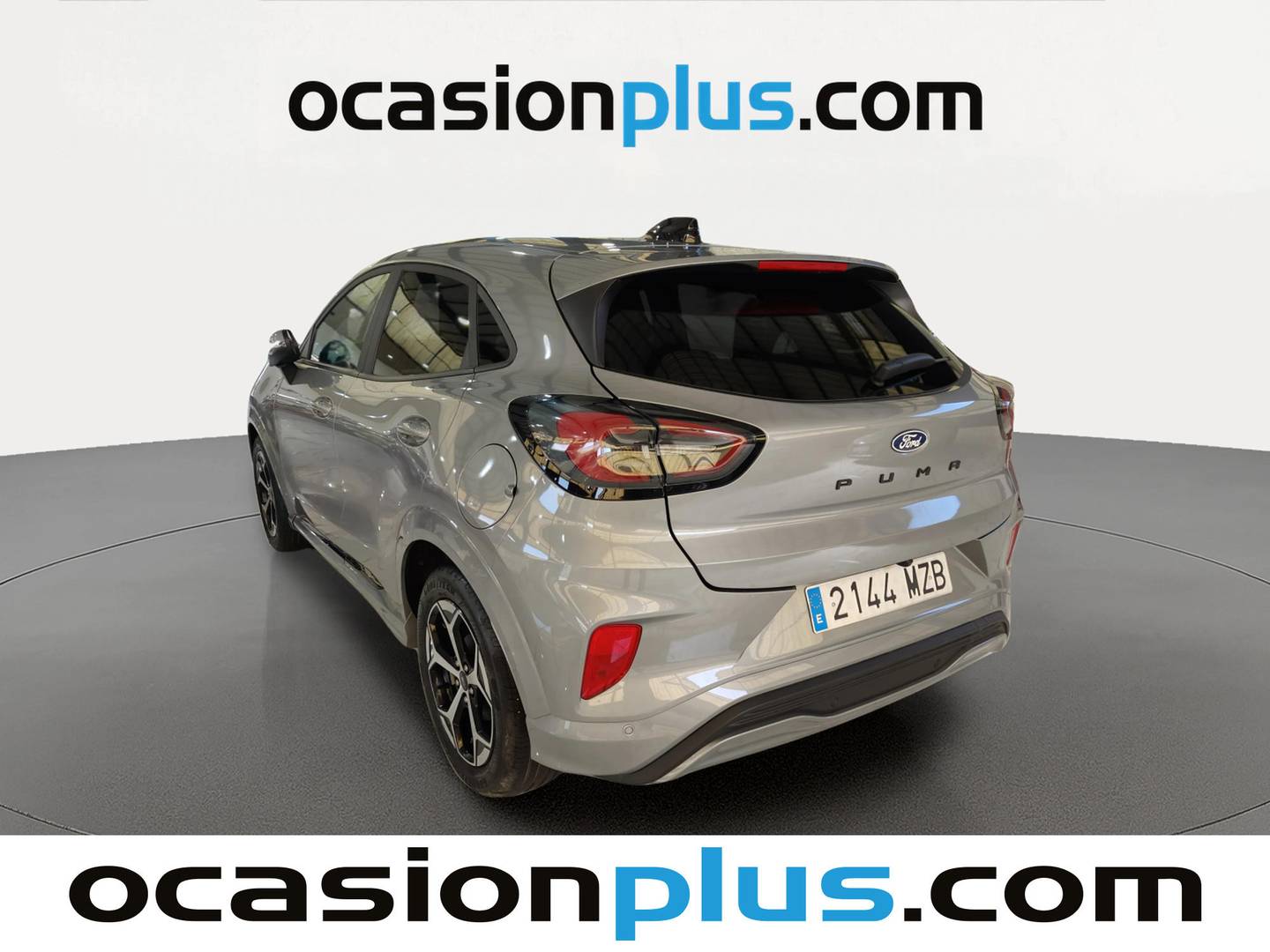 Foto delantera Ford Puma Ford Puma 1.0 EcoBoost MHEV ST-Line  (125 CV) derecha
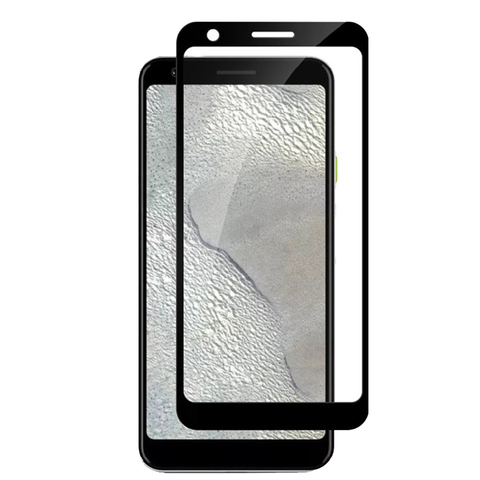 3D закаленное стекло с высоким содержанием алюминия для Google Pixel 3A полное покрытие 9H Защитная пленка для Google Pixel 3A XL ► Фото 1/5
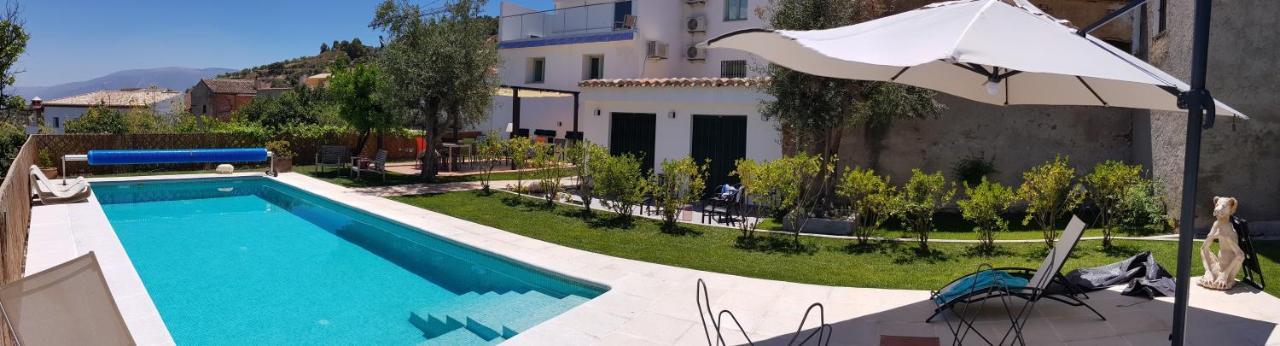 Bed & Breakfast Casa Tejones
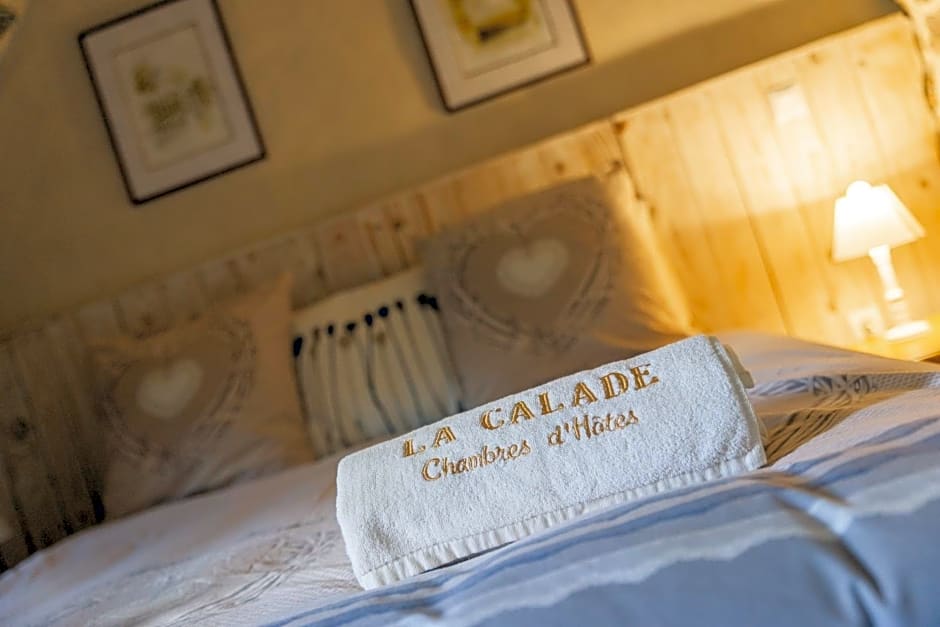 La Calade Chambres d'Hôtes & Espace Bien-Etre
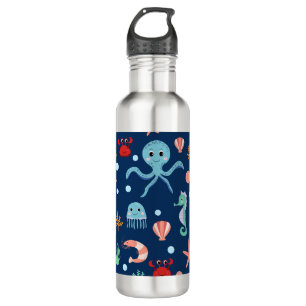Sea World 710 Ml Water Bottle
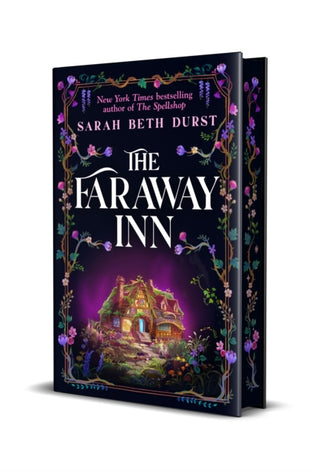 Cover image for 9781035081240 - The Faraway Inn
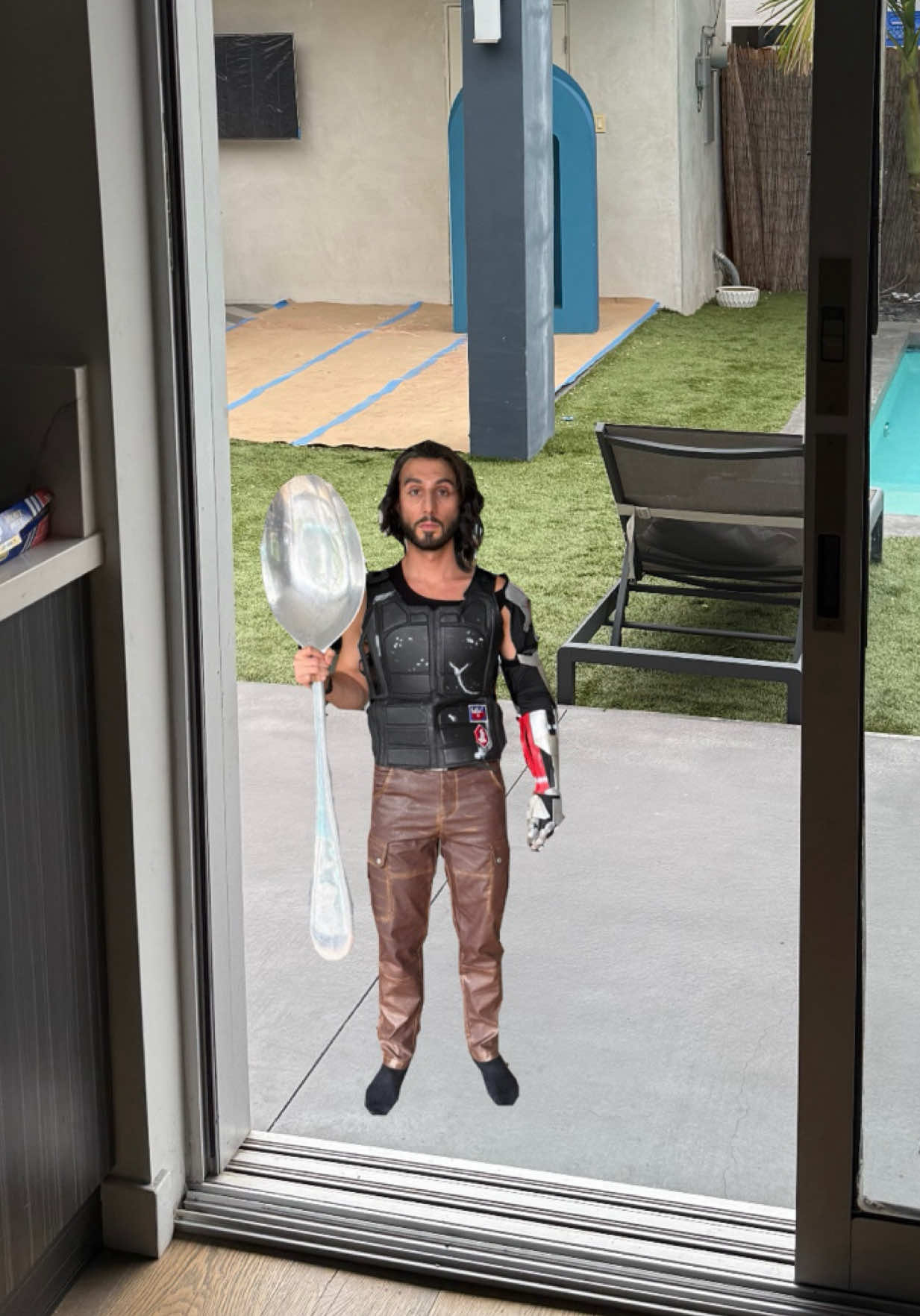 WAKE UPPPPPP #cyberpunk2077 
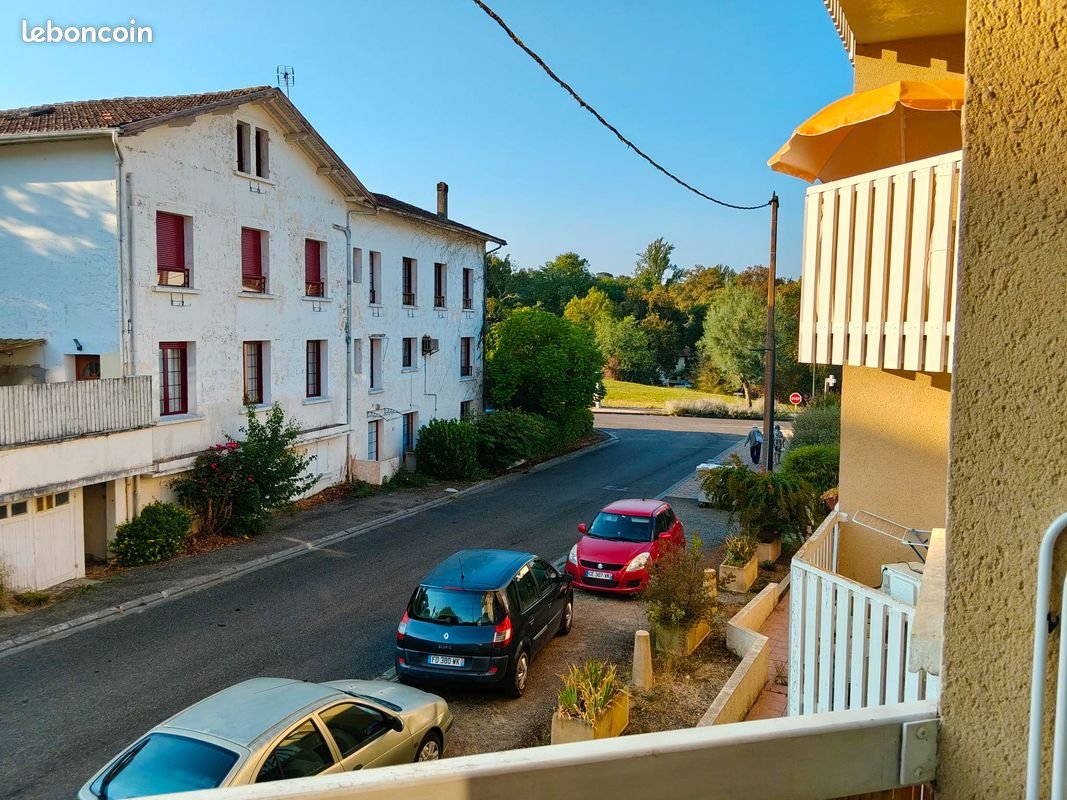 Appartement à louer, 25m², Cazaubon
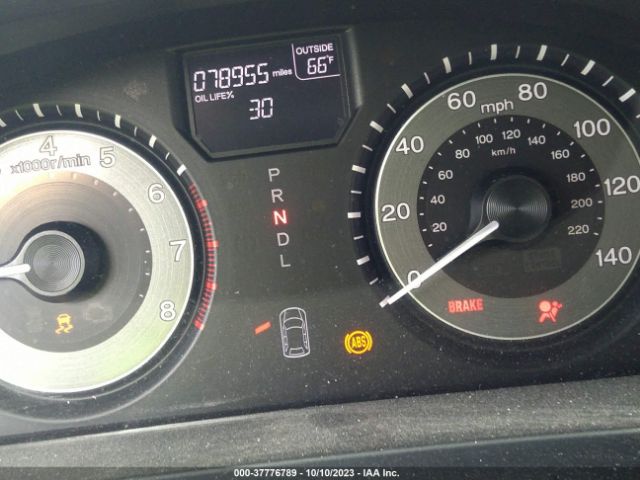 5FNRL5H42EB067856 Honda ODYSSEY EX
····················
▶ _AIM OF THE EXERCISE_: Reproduce the data above word for word from its first line through the line that holds "Sea World 710 Ml Water Bottle", both ends included; skip pictures.

▶ _WRITTEN ANSWER_:
 Foto delantera Ford Puma Ford Puma 1.0 EcoBoost MHEV ST-Line  (125 CV) derecha
 3D закаленное стекло с высоким содержанием алюминия для Google Pixel 3A полное покрытие 9H Защитная пленка для Google Pixel 3A XL ► Фото 1/5
 Bed & Breakfast Casa Tejones
 La Calade Chambres d'Hôtes & Espace Bien-Etre
Sea World 710 Ml Water Bottle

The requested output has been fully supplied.